Böyle bir gereksinim, size hiçbir çıkar sağlamayan psikolojik çıkmaz bir
sokaktır. Onaylanmaya; olsa da olur olmasa da olur gözüyle bakın ki
hayatınızın vazgeçilmez bir parçası olmaktan çıksın. Olmazsa olmazınız olmaktan
çıksın. Onay gereksinimi tek bir varsayıma dayanır: ‘’Sakın kendine güvenme her
şeyi önce başkalarıyla değerlendir.’’ Onay arayıcı davranışları bir yaşam
standartı olarak dayatan bir toplumda yaşıyoruz. Bağımsız düşünce
yalnızca aykırı değil, aynı zamanda toplumun belkemiğini oluşturan geleneklerin
de düşmanıdır.Böyle bir toplumda yetiştirildiğinizde bu yaklaşım ile
lekelenirsiniz. Başkasının görüşünü kendinizinkinden daha önemli yapın
göreceksiniz ki onların onayını almadığınız zaman çökmüş, değersiz veya suçlu hissetmeniz için
ortam hazır olacakır. Bu da sizi zayıf kılar, güçsüz bir kişilik kolay ele
geçirilir ve idare edilir. Onaylanmak sizi yöneten dev bir mekanizma olabilir.
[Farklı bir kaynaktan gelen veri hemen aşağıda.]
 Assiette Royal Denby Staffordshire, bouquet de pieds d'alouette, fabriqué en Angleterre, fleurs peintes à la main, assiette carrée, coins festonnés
Değeriniz başkalarına bağlıdır ve sizi onaylamayı redettiklerinde elinizde
hiçbir şeyiniz kalmaz. Değersizsiniz. Bu böyle sürüp gider; ne kadar çok
pohpohlanma gereksinimi duyarsanız başkaları tarafından o kadar bilinç
altınızdan yönetilirsiniz. Onayı kendi içinizde arama ve başkalarının
takdirinden bağımsız olmaya doğru atılan her adım, onların denetiminden
uzaklaşmak demektir. Sonuçta bu tip sağlıklı adımlar, bağımsızlığınızı
korumak için bencillik, düşüncesizlik, kendini beğenmişlik, saygısızlık v.s
olarak damgalanır. Sizi dışlarlar ki onların onayına geri dönesiniz. Siz her
şeyi ilk kendiniz için yapıyorsanız bu umurunuzda olmayacaktır.
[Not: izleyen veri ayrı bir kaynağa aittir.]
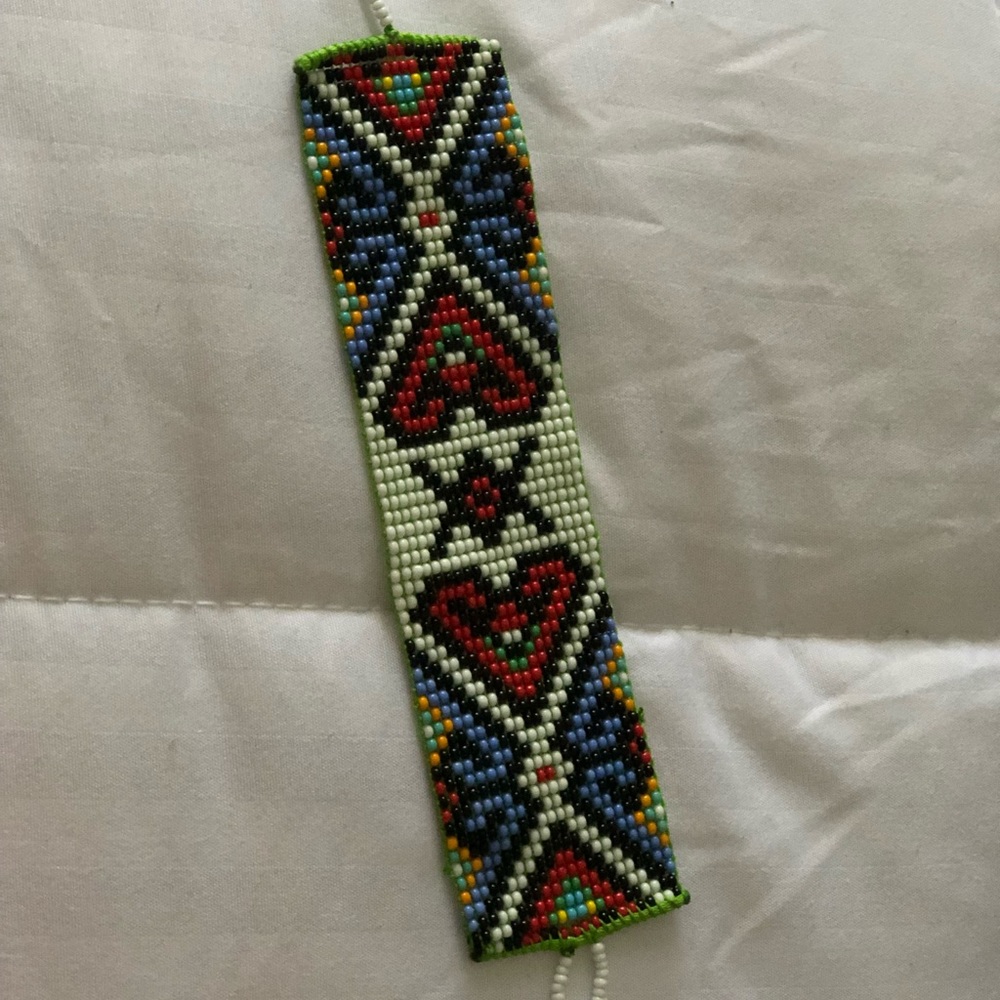 Hand made beaded bracelets - Picture 2 of 6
Onların onayının var olup olmaması zerre kadar önemli değildir. Kendi onayınız
herkesin önündedir. Ve bu sizin kendi gözünüzdeki değerinizdir. Kendinizi
önemseme ve değer biçme herkesden çok sizin hakkınızdır. Ancak bu sağlıklı bir
ruh haliyle ve sağlıklı bir akılla yapıldığında sizi insanların eline koz
vermekten ve alaycı tavırlarından kurtarır. Bu acımasız yönetilme çemberini
anlamak için onay arayıcı toplumsal mesajların ne kadar çok olduğuna bakın.Onay
arayıcı eylemlerin en yaygın olan birkaç tanesi şöyledir:
Birinin sizi sevmesini sağlamak için
yağcılık yapmak. Birisi sizinle aynı kanıda olmayınca üzülmek yada endişelenmek.
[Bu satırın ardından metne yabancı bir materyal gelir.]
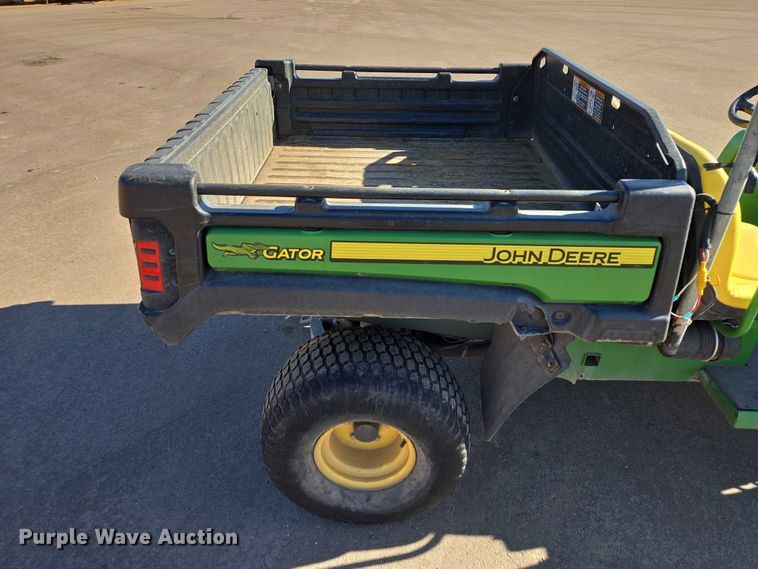 image for item ES2975 2015 John Deere TX Gator utility vehicle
Birisi sizinkinin tam tersi bir fikir
belirttiğinde hakaret edilmiş yada aşağılanmış hissetmek.
Birisini kibirli yada burnu büyük
olarak damgalamak –ki bu sadece ‘’Bana daha çok ilgi gösterin.’’ demenin başka
bir yoludur.
Yaşamınızda belli bir kişinin
memnuniyetsizliğinden korktuğunuz için konuşmak, alışveriş yapmak v.s için
ondan izin almak gibi…
Onay aramakta ısrar etmenin en çok
rastlanan nedenleri:
Duygularınızın sorumluluğunu başkalarının eline vermek. Birisi sizi onaylamadı diye kendinizi
incinmiş, berbat, moralsiz v.s hissediyorsanız duygularınızdan siz değil
başkaları sorumlu olur.
Duygularınızdan başkaları sorumluysa
kendinizde en ufak bir değişiklik gerçekleştirmeniz de imkansızdır.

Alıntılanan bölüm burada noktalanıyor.